The letters were accompanied by a copy of Investor Expectations for Paris-aligned Accounts, published on 16 November by IIGCC and authored by head of stewardship at Sarasin and Partners and editorial panellist for our sister publication ESG Clarity Natasha Landell-Mills, which sets out step-by-step detail on the actions investors require companies to take in their accounts and financial statements to address the issue.
It outlines specific investor expectations for auditors to call out where accounts are ignoring material climate risks and ensuring transparency when accounts are not ‘Paris-aligned’.
Where these expectations are not met, three courses of investor action are identified: engagement, voting and divestment. Audit Committee directors and auditors are specifically identified to be held accountable for delivering on the investor expectations.
The letter explained: “[…] accounts are key to how capital is deployed by management as well as investors. If the accounts leave out material climate risks, too much capital will go towards activities that put shareholder capital at risk. Worse still, this puts all our futures at risk.”
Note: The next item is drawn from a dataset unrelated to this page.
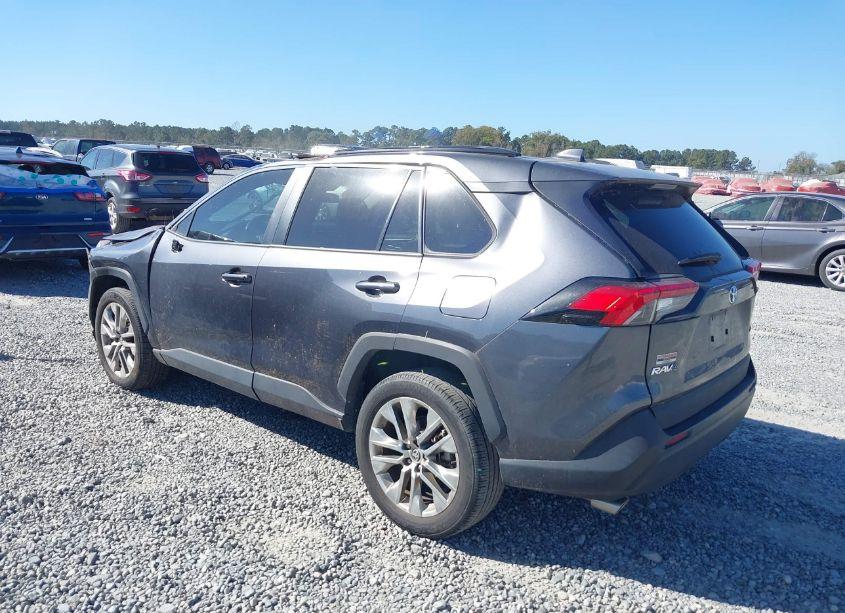 Photo 3 of 2021 Toyota Rav4 XLE PREMIUM (VIN 2T3C1RFV5MC142395)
Landell-Mills said:“We are at a crossroads in our battle against climate change. Either we get serious and start shifting capital flows towards activities aligned with the Paris Agreement, or we continue to talk about it.
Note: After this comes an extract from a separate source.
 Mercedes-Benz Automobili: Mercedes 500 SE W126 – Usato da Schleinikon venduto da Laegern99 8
“Paris-aligned accounts are amongst the most important changes that will drive system-wide capital redeployment. Put simply, we need Paris-aligned accounts to drive Paris-aligned behaviour, thereby protecting capital for all. This is hopefully something that all companies and their shareholders can coalesce around.”
Brunno Maradei, global head of responsible investment at Aegon AM, also commented: “Addressing climate change is an urgent matter, and one that must be addressed with action. Ensuring that the Paris Agreement is considered in financial statements is one way to ensure that the firms most exposed to carbon will be held truly accountable against this important global commitment, while also protecting long-term value for investors.”